Stored records

________________

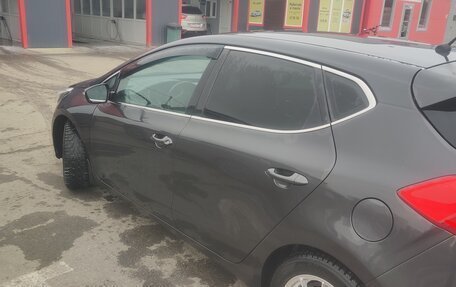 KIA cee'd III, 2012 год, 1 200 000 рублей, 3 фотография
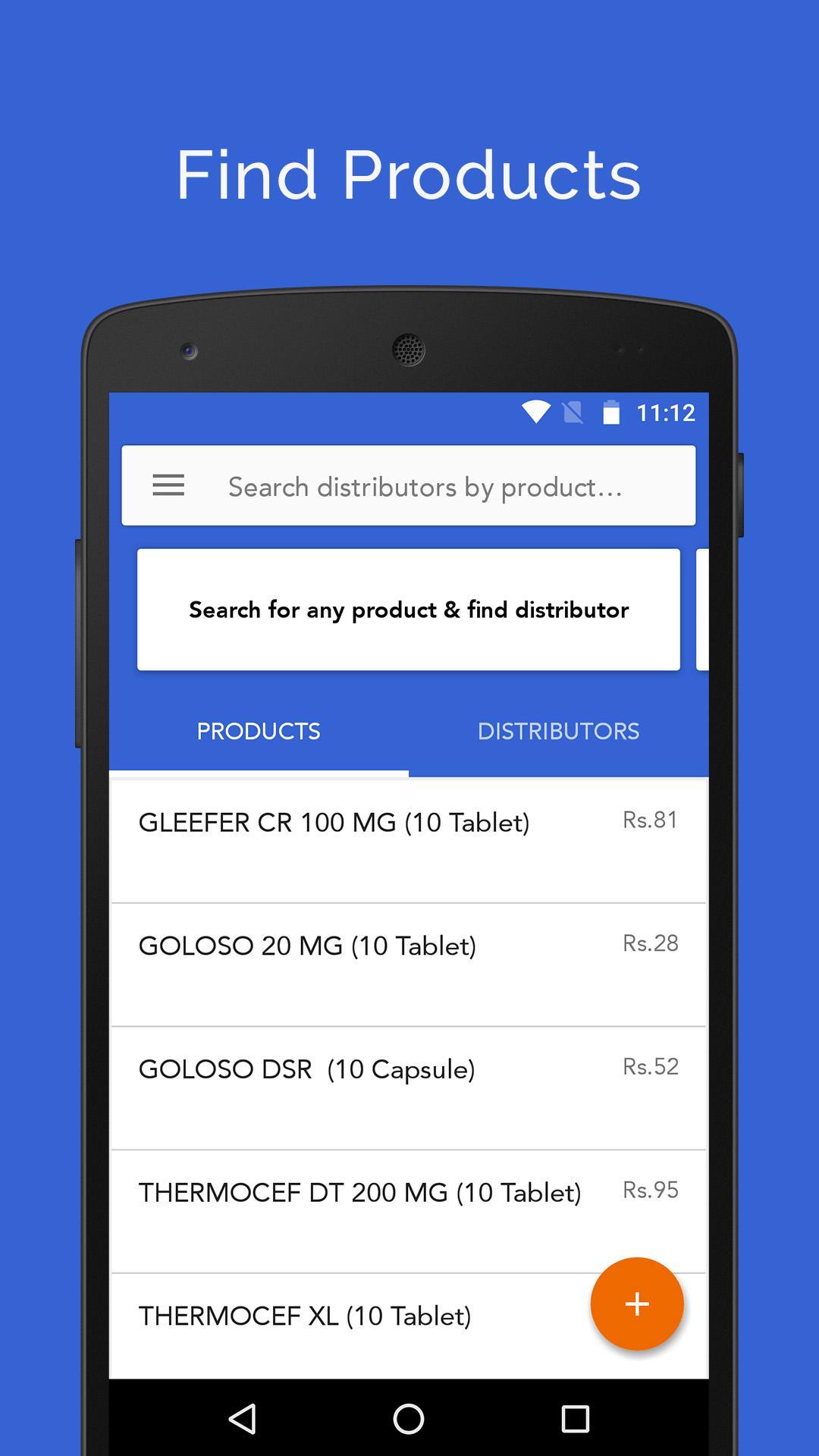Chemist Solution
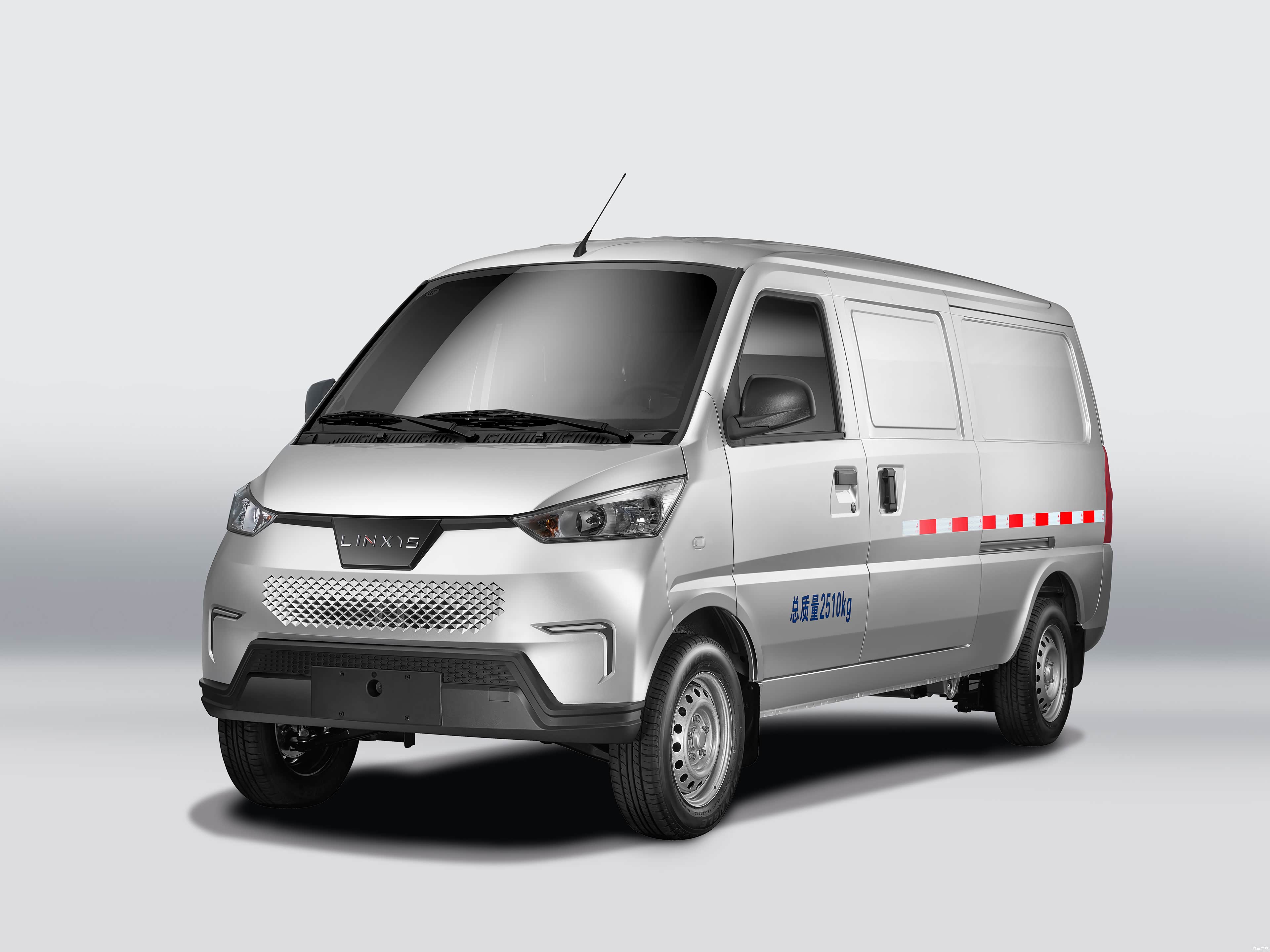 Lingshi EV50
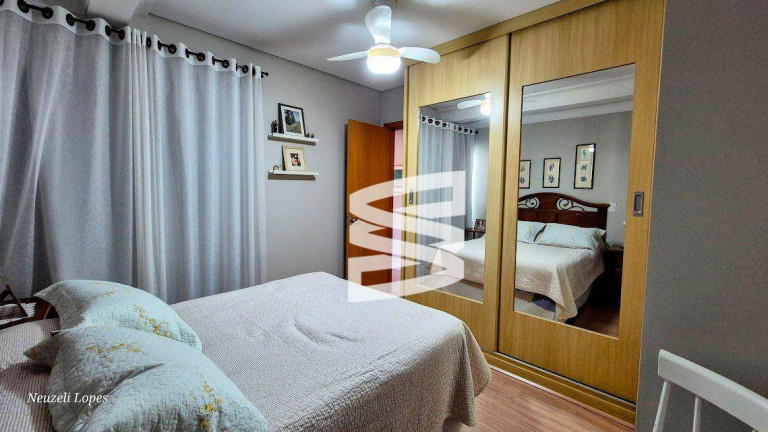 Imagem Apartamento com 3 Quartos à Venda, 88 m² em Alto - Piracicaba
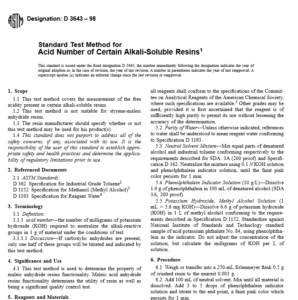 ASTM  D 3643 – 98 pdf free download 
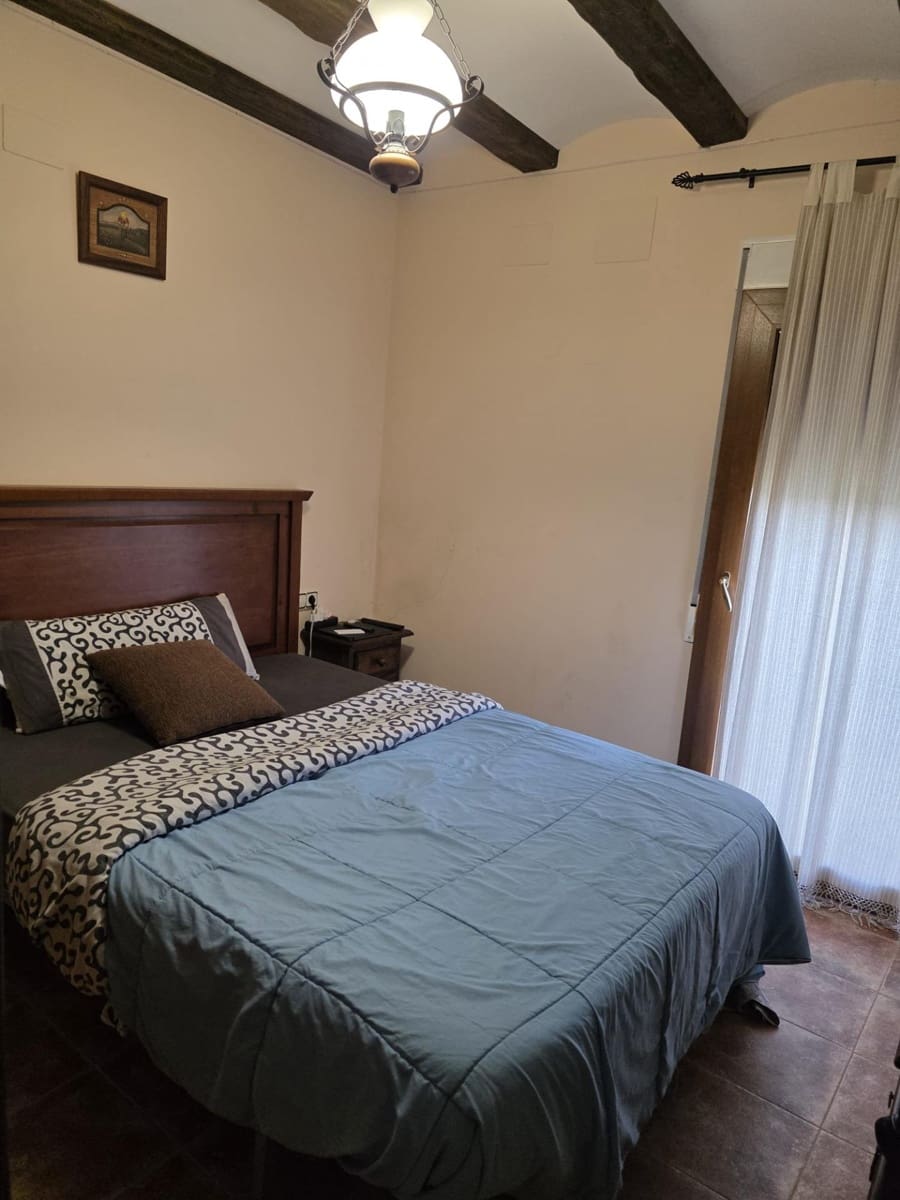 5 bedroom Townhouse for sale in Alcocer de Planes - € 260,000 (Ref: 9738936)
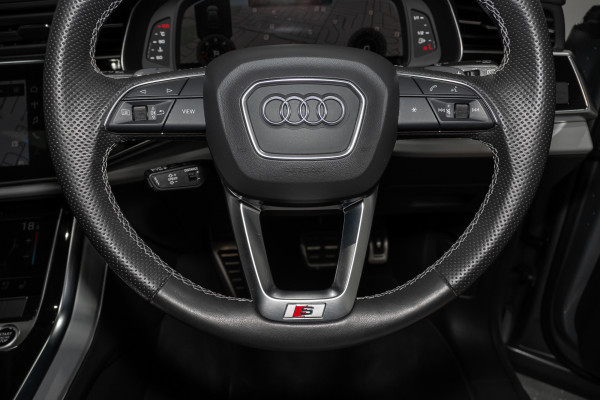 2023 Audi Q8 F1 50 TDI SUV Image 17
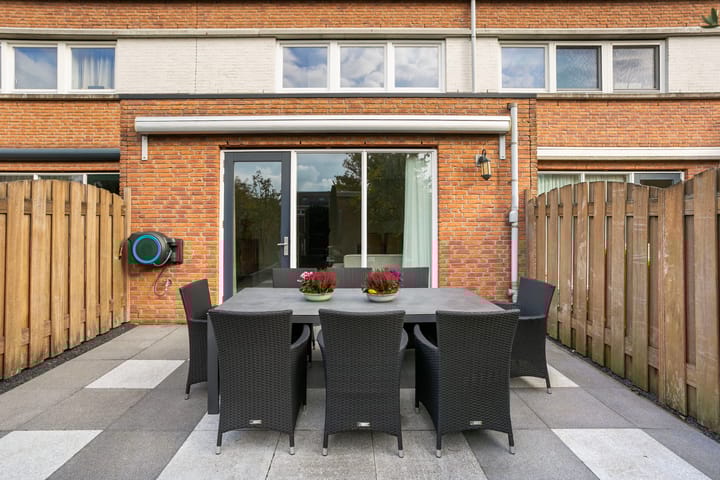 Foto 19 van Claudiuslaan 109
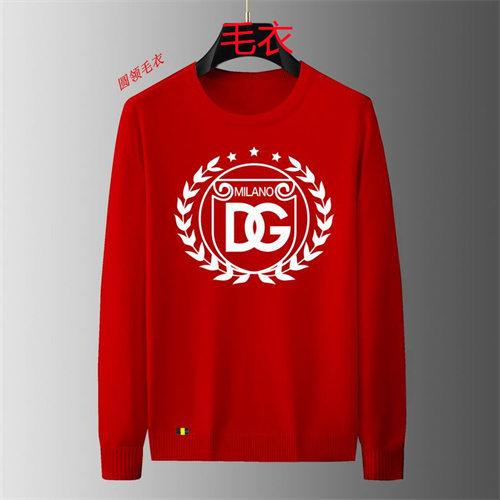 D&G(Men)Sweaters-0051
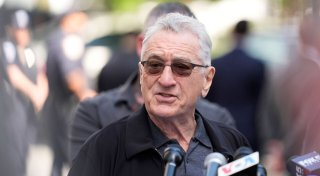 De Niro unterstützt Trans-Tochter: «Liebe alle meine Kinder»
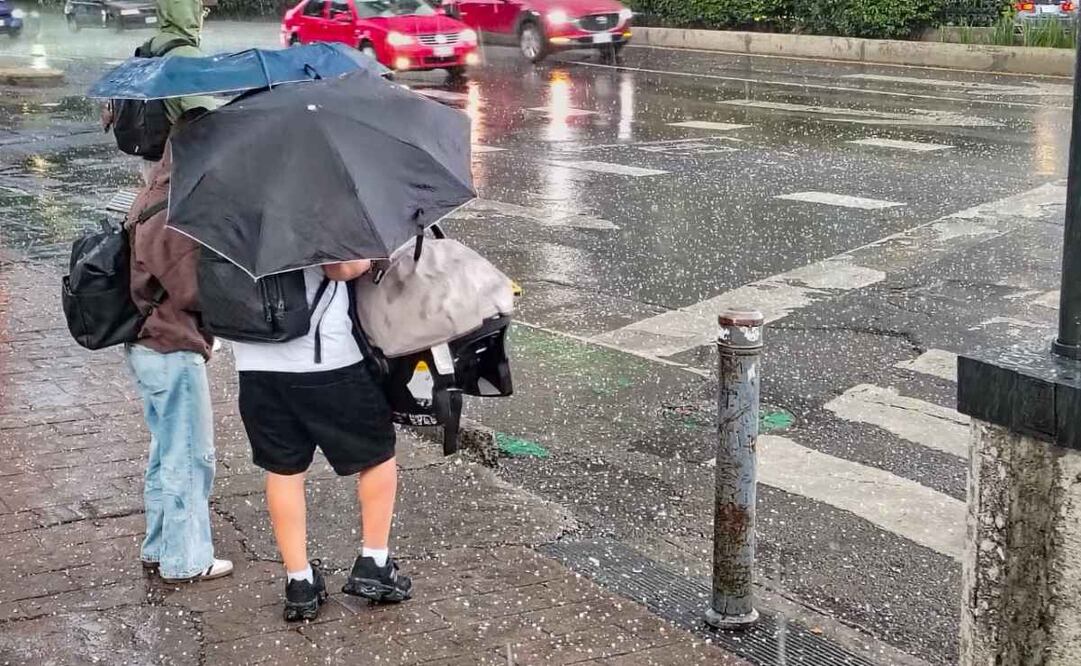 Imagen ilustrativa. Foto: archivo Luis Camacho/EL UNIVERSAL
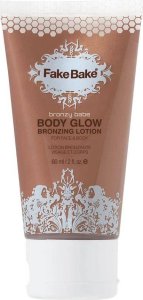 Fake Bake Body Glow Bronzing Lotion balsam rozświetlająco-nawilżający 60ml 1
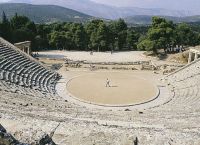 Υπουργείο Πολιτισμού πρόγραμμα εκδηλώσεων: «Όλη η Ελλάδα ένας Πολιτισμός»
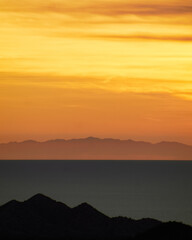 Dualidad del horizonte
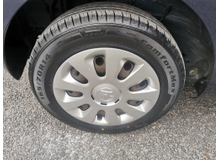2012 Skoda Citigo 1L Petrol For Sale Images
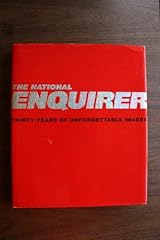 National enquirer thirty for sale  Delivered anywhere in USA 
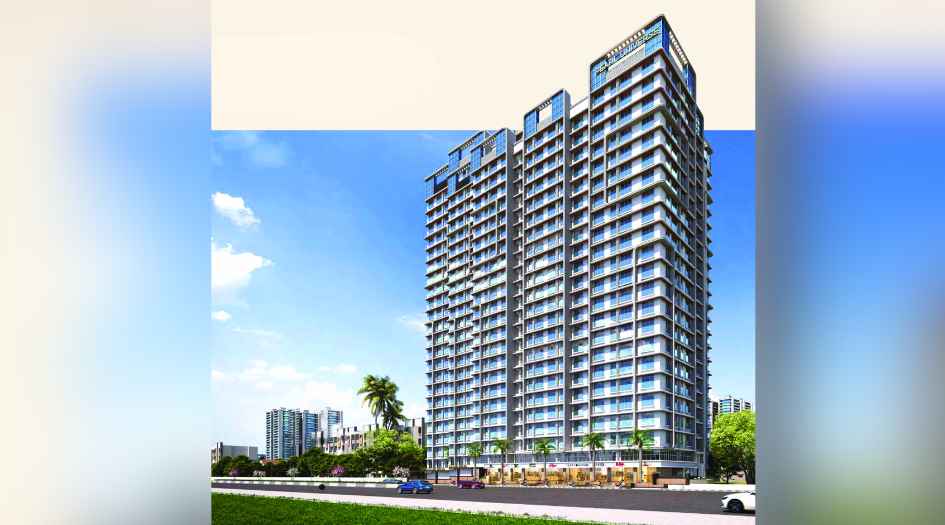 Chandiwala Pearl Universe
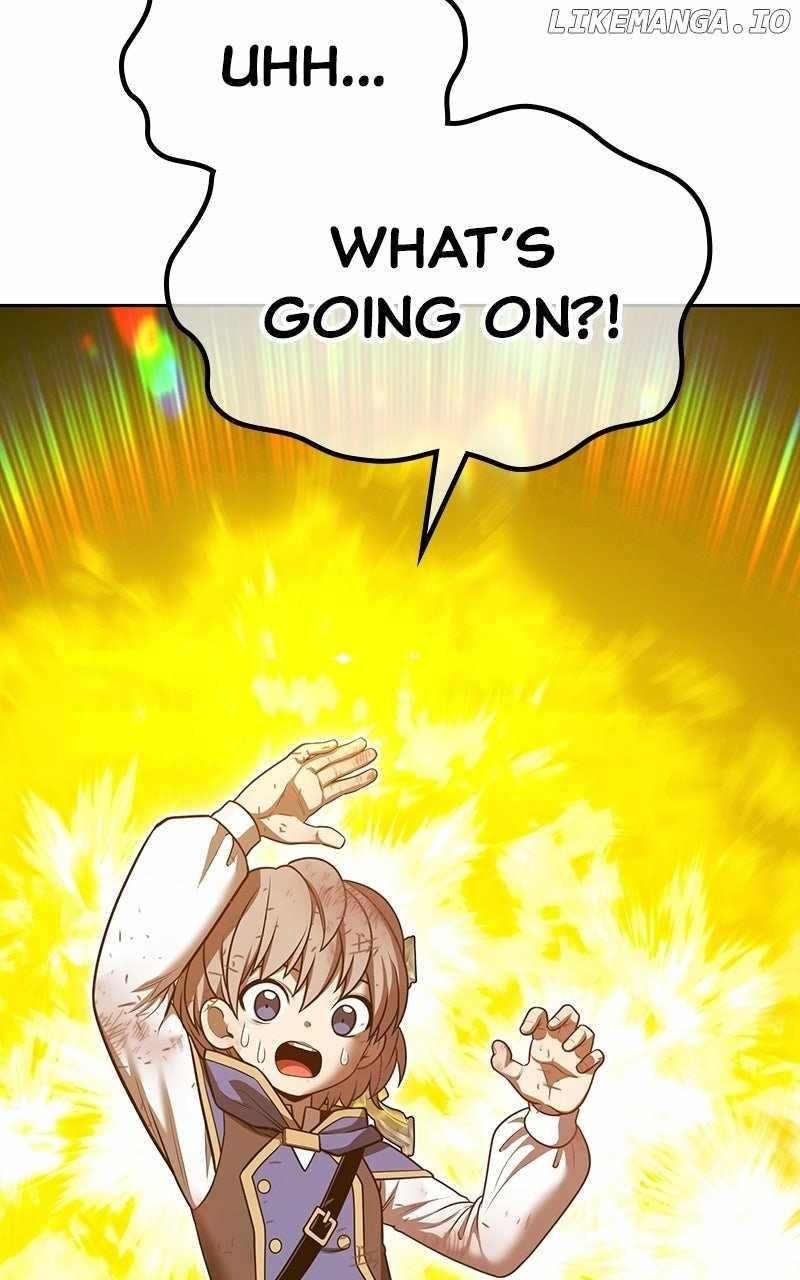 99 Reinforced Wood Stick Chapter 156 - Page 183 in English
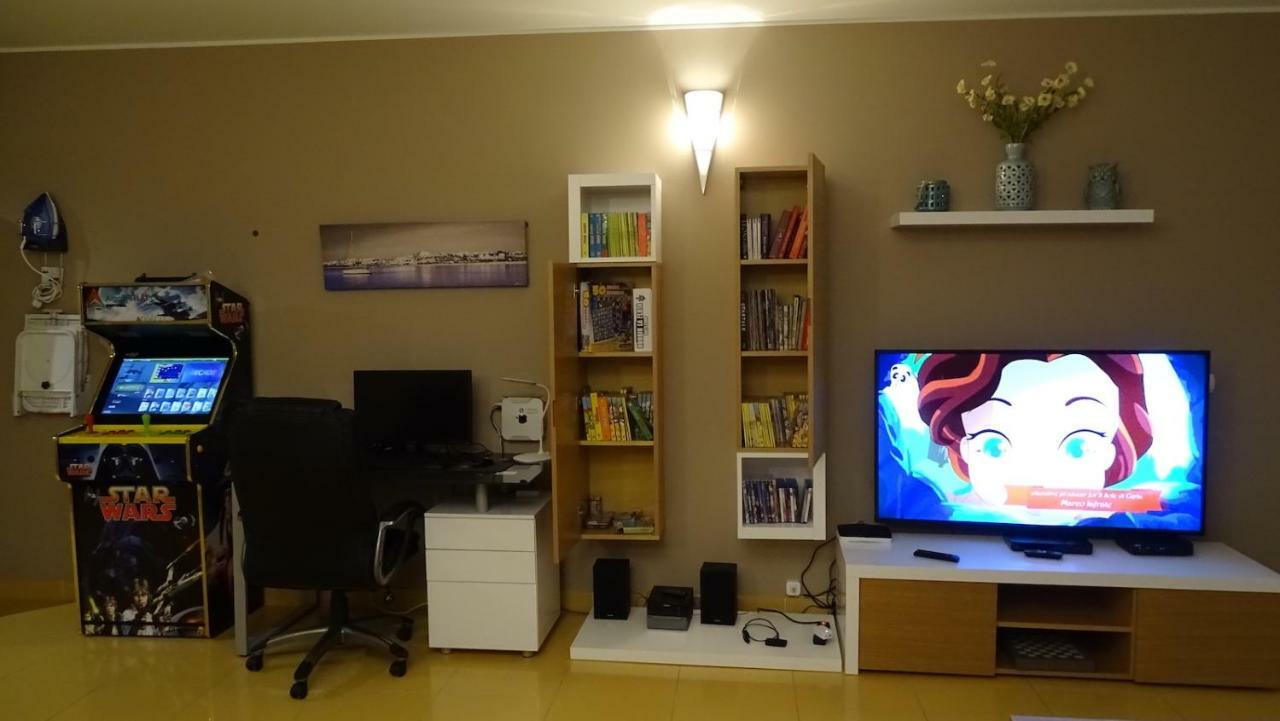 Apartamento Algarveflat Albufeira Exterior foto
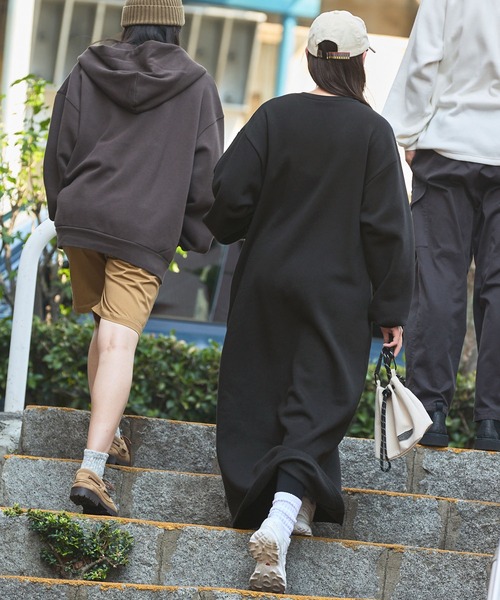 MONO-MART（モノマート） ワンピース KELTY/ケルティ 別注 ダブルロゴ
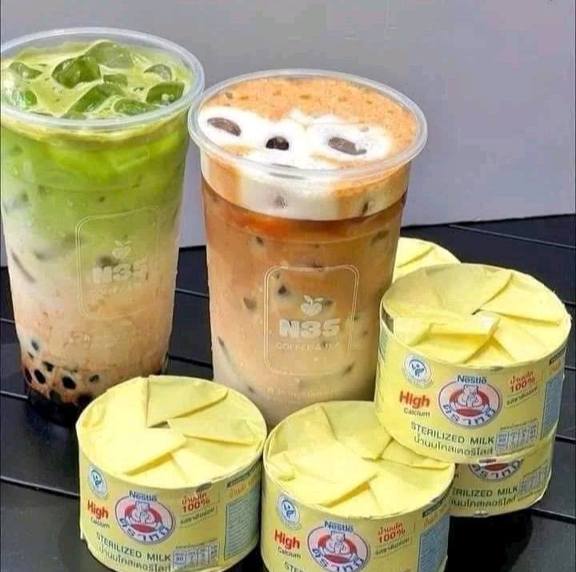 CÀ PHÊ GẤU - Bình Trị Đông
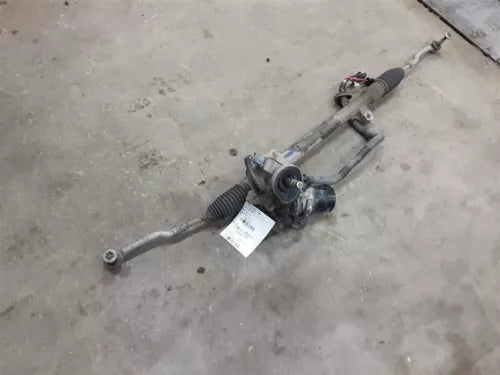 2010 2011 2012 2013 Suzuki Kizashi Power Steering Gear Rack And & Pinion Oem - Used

________________

— Task —
Return only the stretch above from the line containing "2023 Audi Q8 F1 50 TDI SUV Image 17" through the line containing "Apartamento Algarveflat Albufeira", word for word and without pictures.

— Response area —
 2023 Audi Q8 F1 50 TDI SUV Image 17
 Foto 19 van Claudiuslaan 109
 D&G(Men)Sweaters-0051
 De Niro unterstützt Trans-Tochter: «Liebe alle meine Kinder»
 Imagen ilustrativa. Foto: archivo Luis Camacho/EL UNIVERSAL
 Fake Bake Body Glow Bronzing Lotion balsam rozświetlająco-nawilżający 60ml 1
 Υπουργείο Πολιτισμού πρόγραμμα εκδηλώσεων: «Όλη η Ελλάδα ένας Πολιτισμός»
 Dualidad del horizonte
2012 Skoda Citigo 1L Petrol For Sale Images
 National enquirer thirty for sale  Delivered anywhere in USA 
 Chandiwala Pearl Universe
 99 Reinforced Wood Stick Chapter 156 - Page 183 in English
 Apartamento Algarveflat Albufeira Exterior foto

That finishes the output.